Yesterday, you may have read, I posted about how No Impact Man lives once the rules of the No Impact Man project cease to exist. I called myself low impact man in that post, but I’m sticking with my original moniker. The ironies are just too precious.
Anyway, one thing I brought up is the fact that, in my life to come, my highest impact activity–air travel–will not be nixed from my life. Reduced substantially, I hope. Eighty-sixed, no.
So I thought it would be worthwhile to post some facts related to air travel, its impact, and its possible alternatives:
- Airplane-generated greenhouse gases, because they are injected directly into the upper atmosphere, are nearly three times as potent as the same gases produced on the ground.
- Air travel is now responsible for three percent of greenhouse gas emissions, but the number of air miles flown worldwide is set to triple by 2030.
- Meanwhile, 40-50% improved efficiency in aircraft is expected over the next 30 years.
- But put another way, air miles will increase by 5 to 6% a year, while efficiency will only improve by 1 to 2% a year.
- Some people believe that global travel to experience other cultures and firsthand experience of global beauty and eco-catastrophe is an important cultural motivator for positive change (it certainly has been for me).
- In a study in the UK, 40% of young people said they would be willing to stick with local food but only 4% were willing to fly less.
- On the other hand, 40 to 50% of air travel is for business purposes, and business travel is an increasingly stressful experience that people don’t like and are motivated to eliminate.
- Business travel is hugely cost-inefficient, often wasting as much as a day per person in travel for meetings lasting only an hour and half.
- George Monbiot, author of Heat, suggests that we expend only “love miles,” traveling by air only to see important friends and family. We should look for alternatives to luxury and business travel (thanks for leaving that in comments, Sharon). [Apparently, I got this wrong. Monbiot, Sharon comments, actually says we must also dramatically limit our love miles.]
- Hi-Definition, virtual meeting video-conferencing is getting increasingly sophisticated but is still hugely expensive at $200,000 to 450,000 (the image above shows the Cisco system).

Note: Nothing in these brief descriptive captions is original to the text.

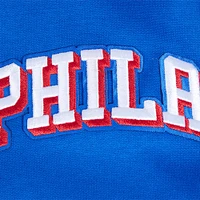 Sweat à capuche logo fendu Pro Standard Royal Philadelphia 76ers pour homme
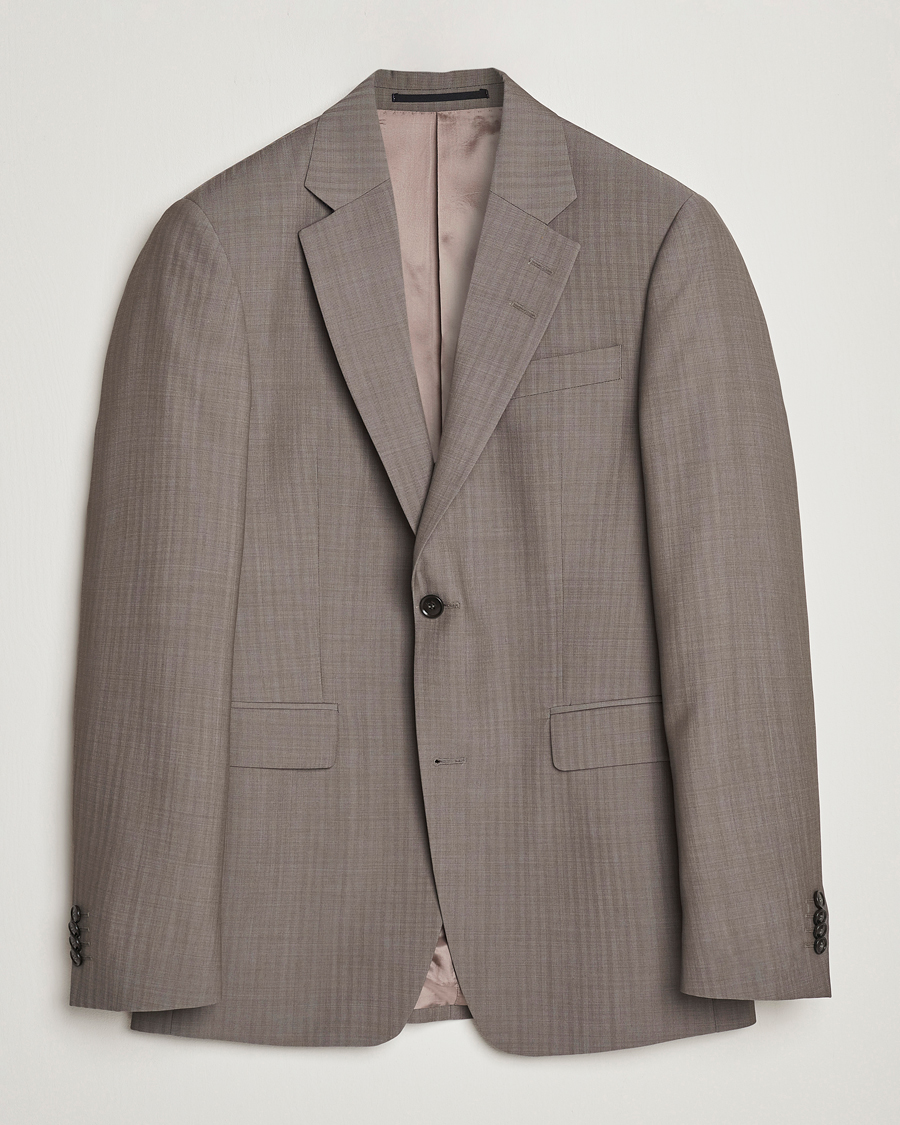 Mies | Pikkutakit | Tiger of Sweden | Justin Herringbone Wool Blazer Dark Sand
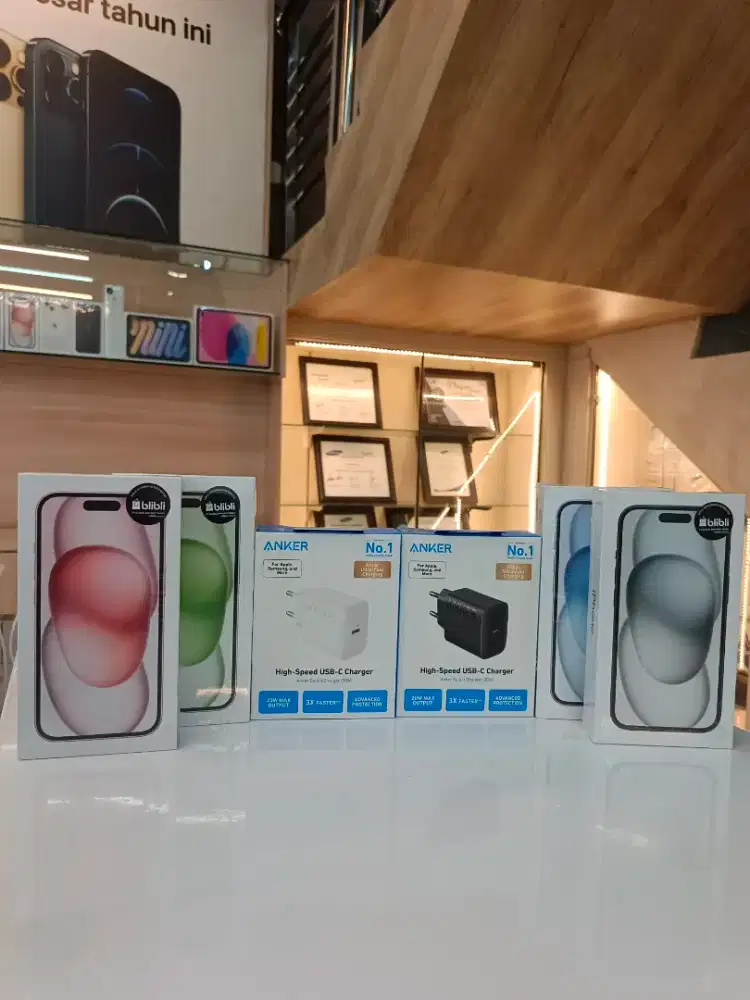 iPhone 15 256GB Free Adaptor 20W Murah Cicilan Mudah KTP Saja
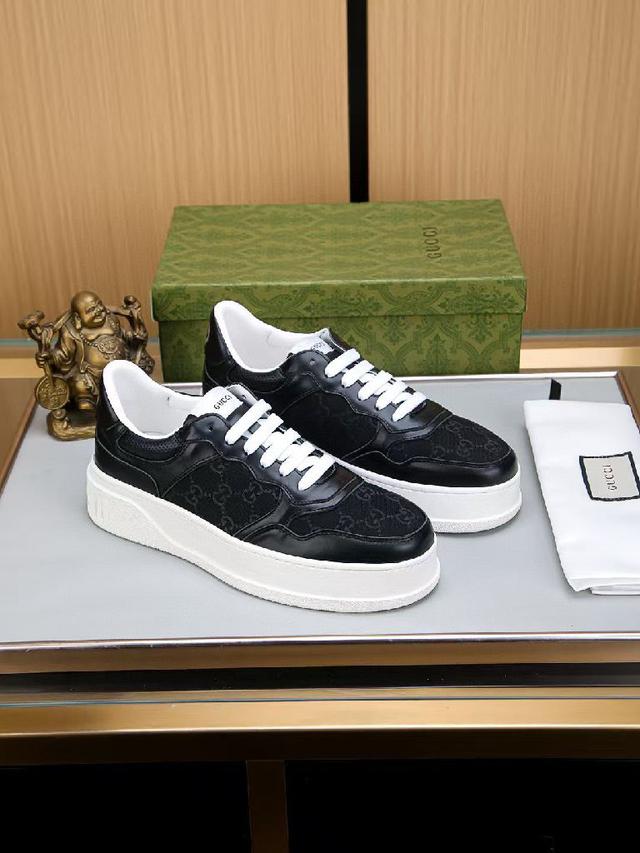 独家首发 古奇～独特现代风运动鞋。专柜代购🏃休闲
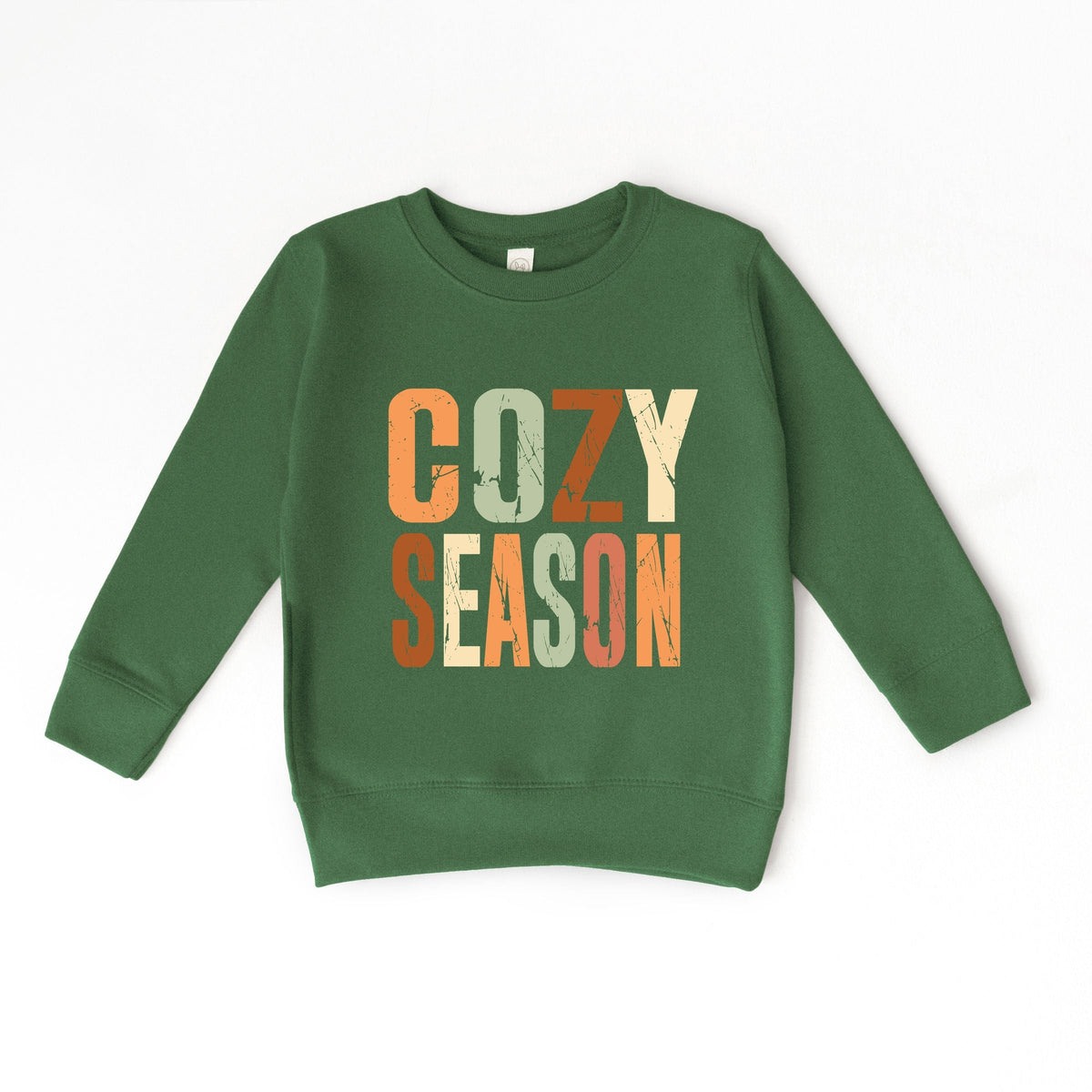 Cozy Season Fall Colors - Toddler Graphic Sweatshirt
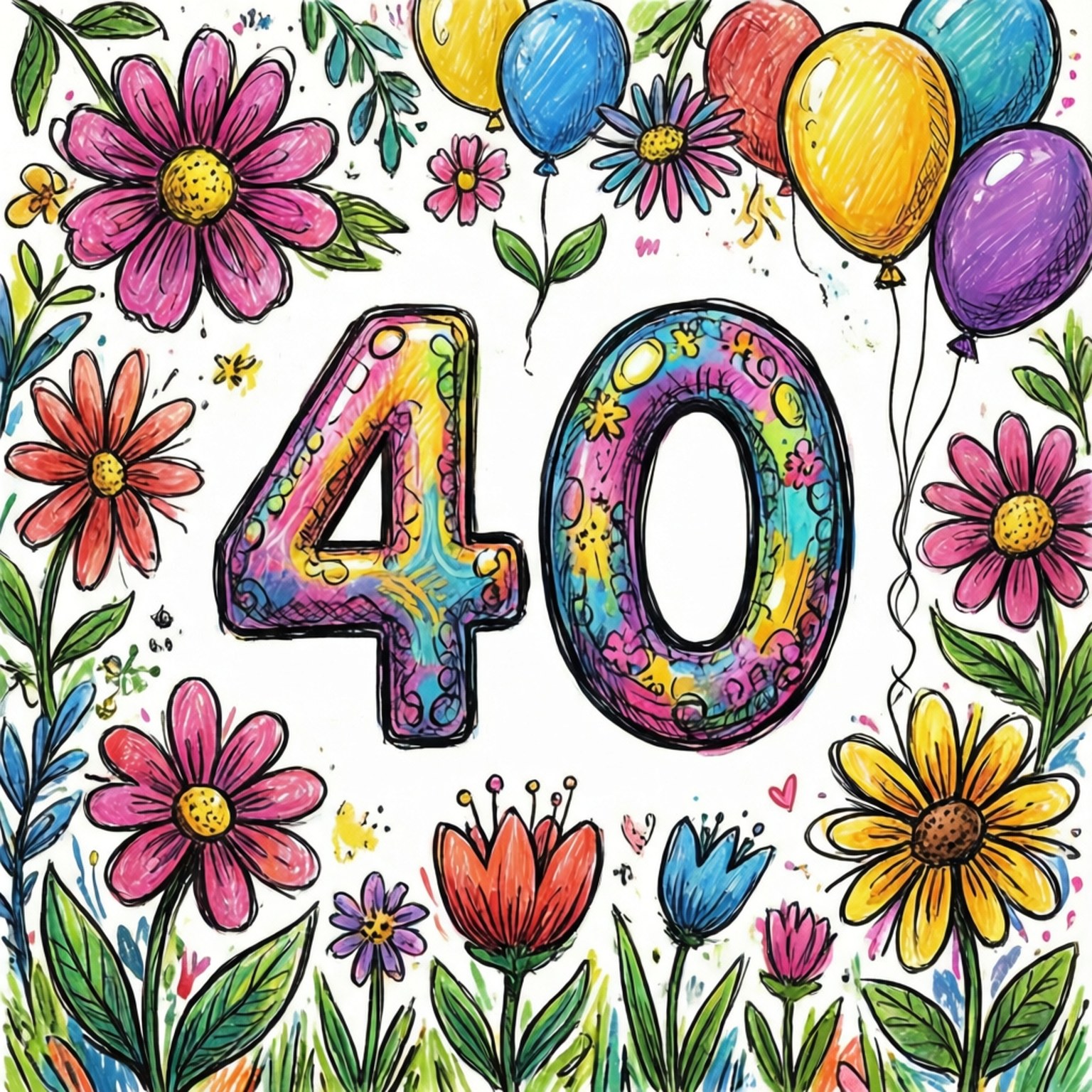 Doodle Whimsy 40 Sfondi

- On the other hand, large companies who adopt it find that the costs are offset quickly by reduced travel expenses.
- For companies that can’t afford their own setup, video-conferencing suites can also be rented in cities around the world.
- And there are inexpensive, lesser vide0-conferencing alternatives like Apple’s iChat, Skype, or, for more sophisticated business applications, WebEx.
- Meanwhile, all of us should, of course, offset our air travel (my favorite place to do that is Native Energy), but offsets take last place in the carbon management hierarchy.
- Much better to reduce, and the fact of the matter is, what it comes to flying, we must.
PS I would love to hear about case studies of businesses substantially reducing air travel. Send ’em in!
PPS Those of you who wrote asking about my Indianapolis talk, I asked the organization who invited me but they have no extra seats. So sorry.